*** Source data Section Begins ***

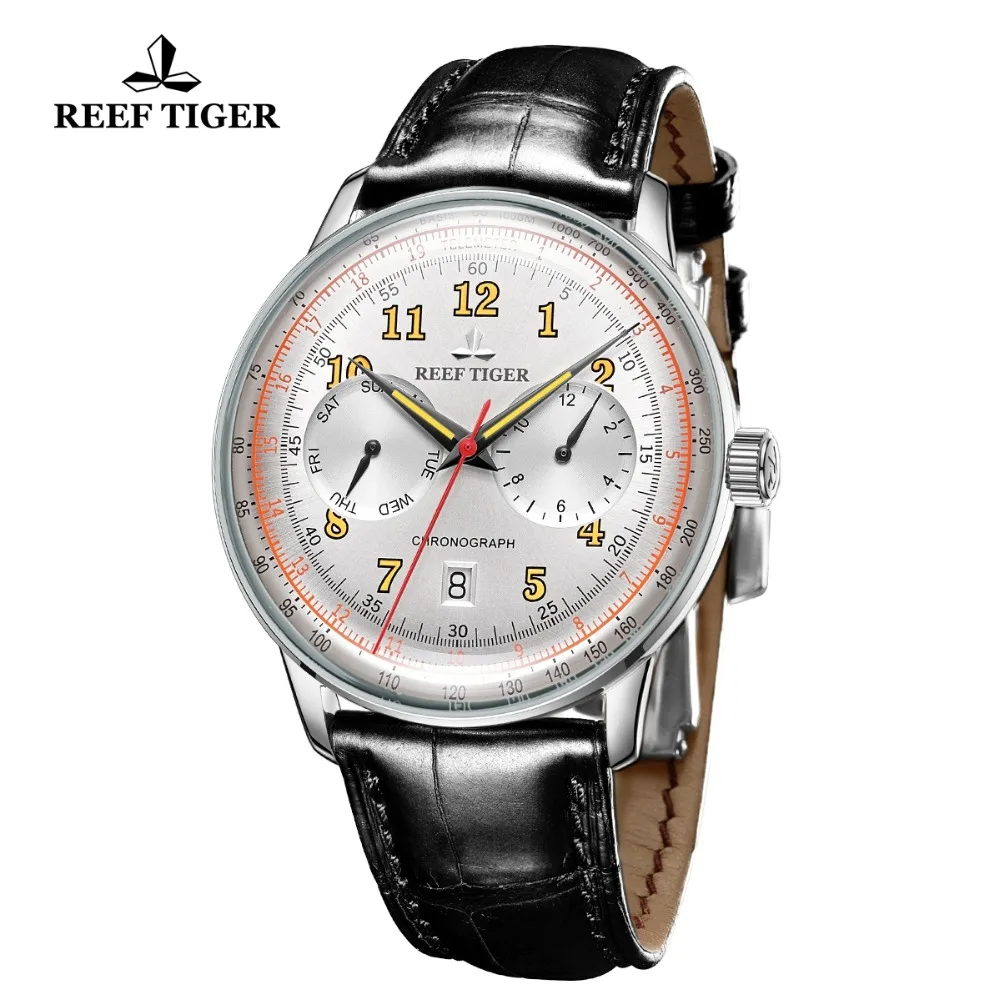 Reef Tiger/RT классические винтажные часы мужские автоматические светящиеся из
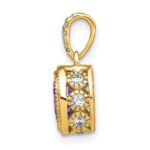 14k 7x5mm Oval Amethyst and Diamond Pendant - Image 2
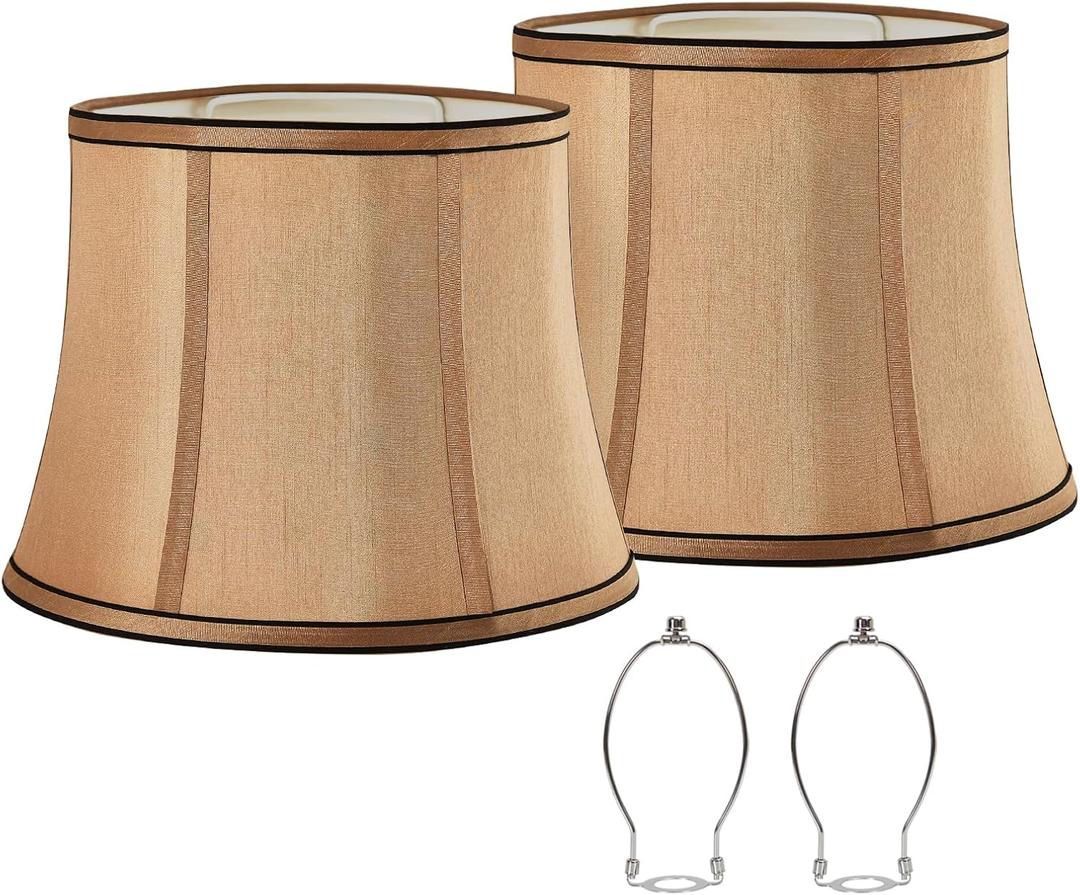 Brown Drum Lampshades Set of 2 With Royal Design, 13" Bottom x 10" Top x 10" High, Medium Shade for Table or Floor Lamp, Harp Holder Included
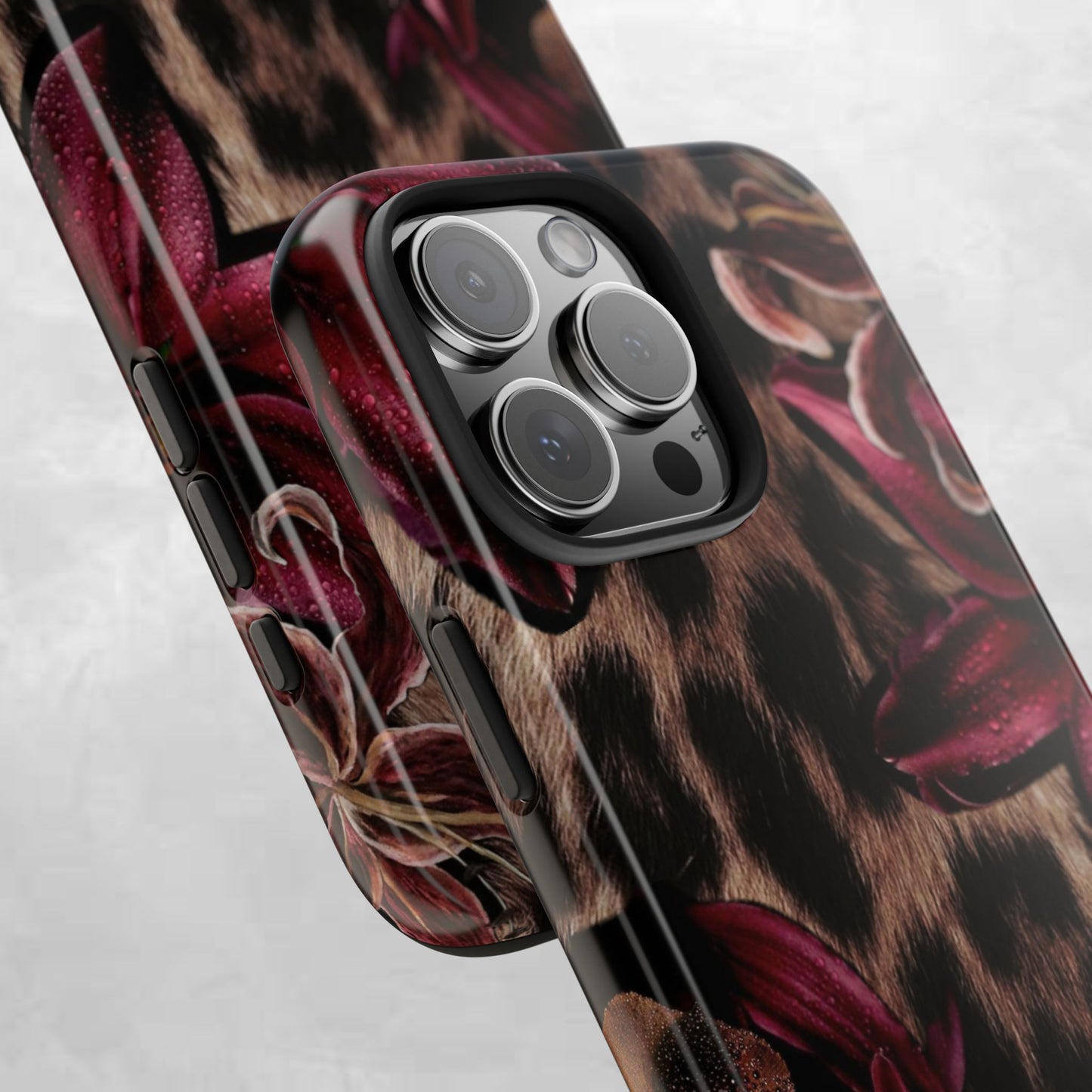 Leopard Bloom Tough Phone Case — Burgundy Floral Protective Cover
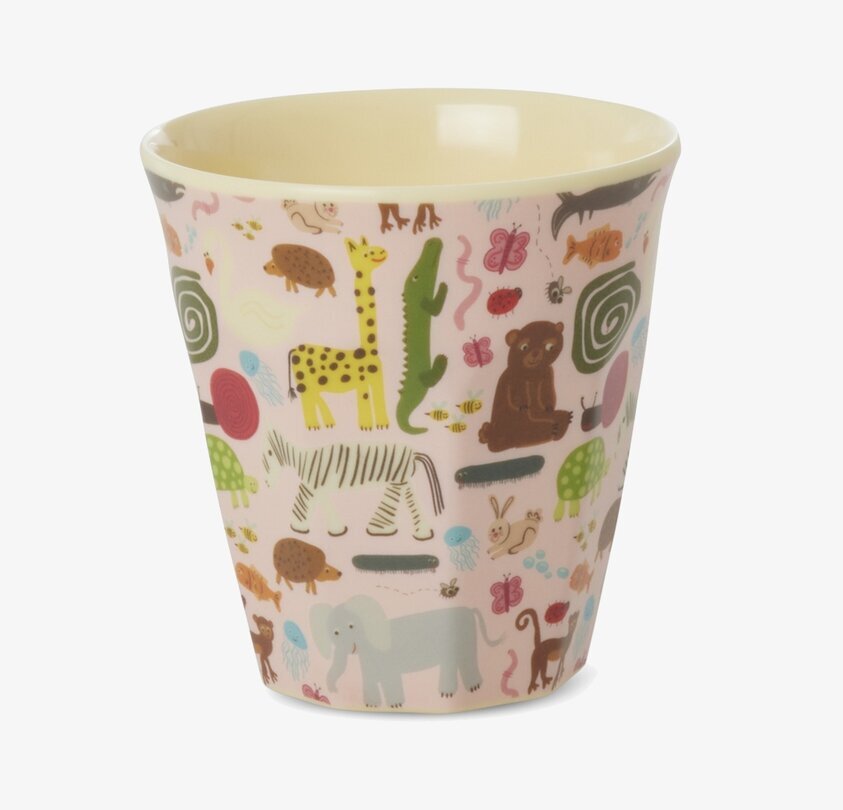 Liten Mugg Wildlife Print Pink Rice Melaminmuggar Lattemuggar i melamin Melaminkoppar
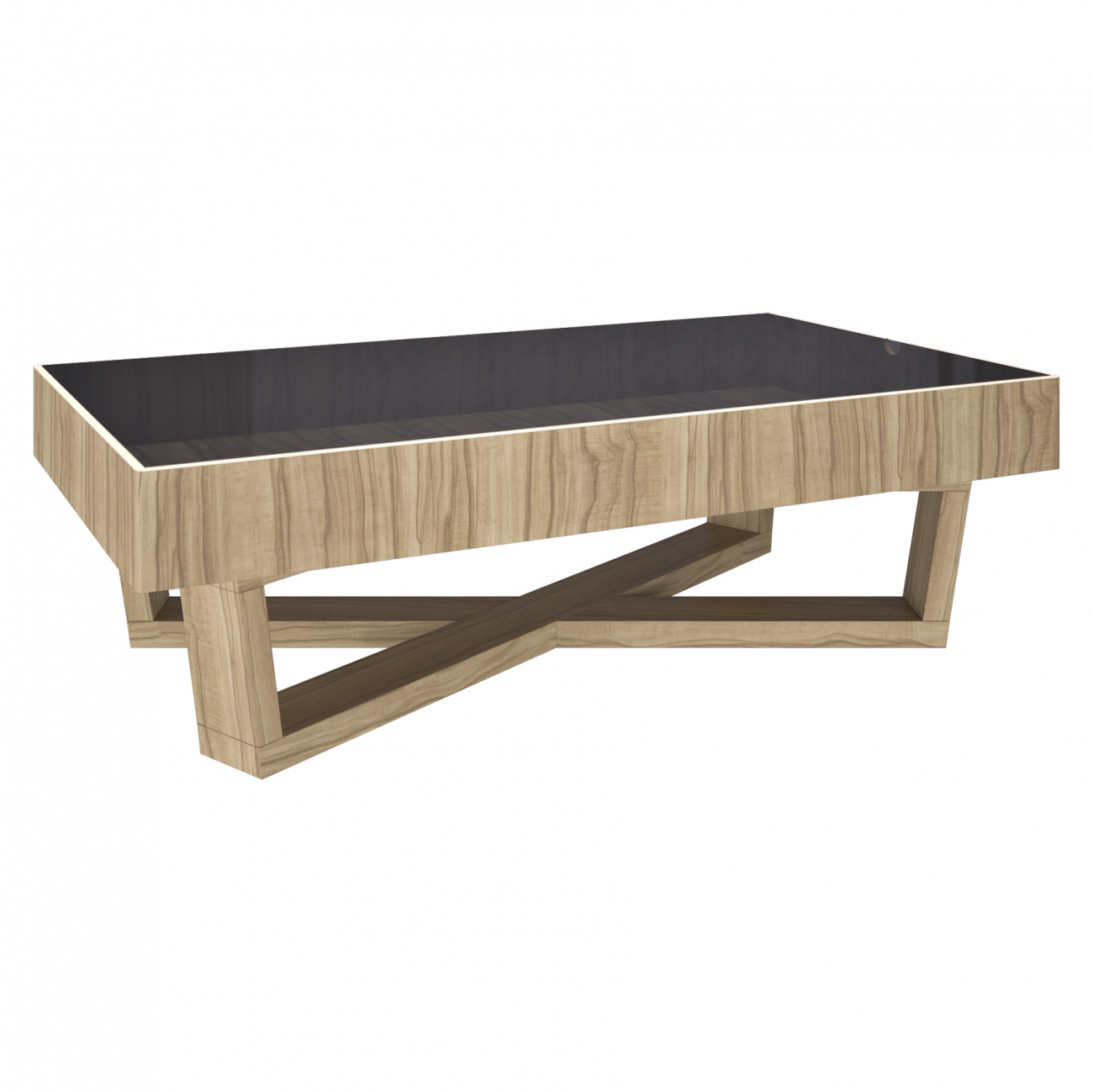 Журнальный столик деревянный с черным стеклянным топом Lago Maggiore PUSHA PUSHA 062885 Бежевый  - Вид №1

*** Source data Section Ends ***

** Problem **
Omit the pictures and output all of the other material exactly.

** Answer section **
 Reef Tiger/RT классические винтажные часы мужские автоматические светящиеся из
 14k 7x5mm Oval Amethyst and Diamond Pendant - Image 2
 Brown Drum Lampshades Set of 2 With Royal Design, 13" Bottom x 10" Top x 10" High, Medium Shade for Table or Floor Lamp, Harp Holder Included
 Leopard Bloom Tough Phone Case — Burgundy Floral Protective Cover
 Liten Mugg Wildlife Print Pink Rice Melaminmuggar Lattemuggar i melamin Melaminkoppar
 Журнальный столик деревянный с черным стеклянным топом Lago Maggiore PUSHA PUSHA 062885 Бежевый  - Вид №1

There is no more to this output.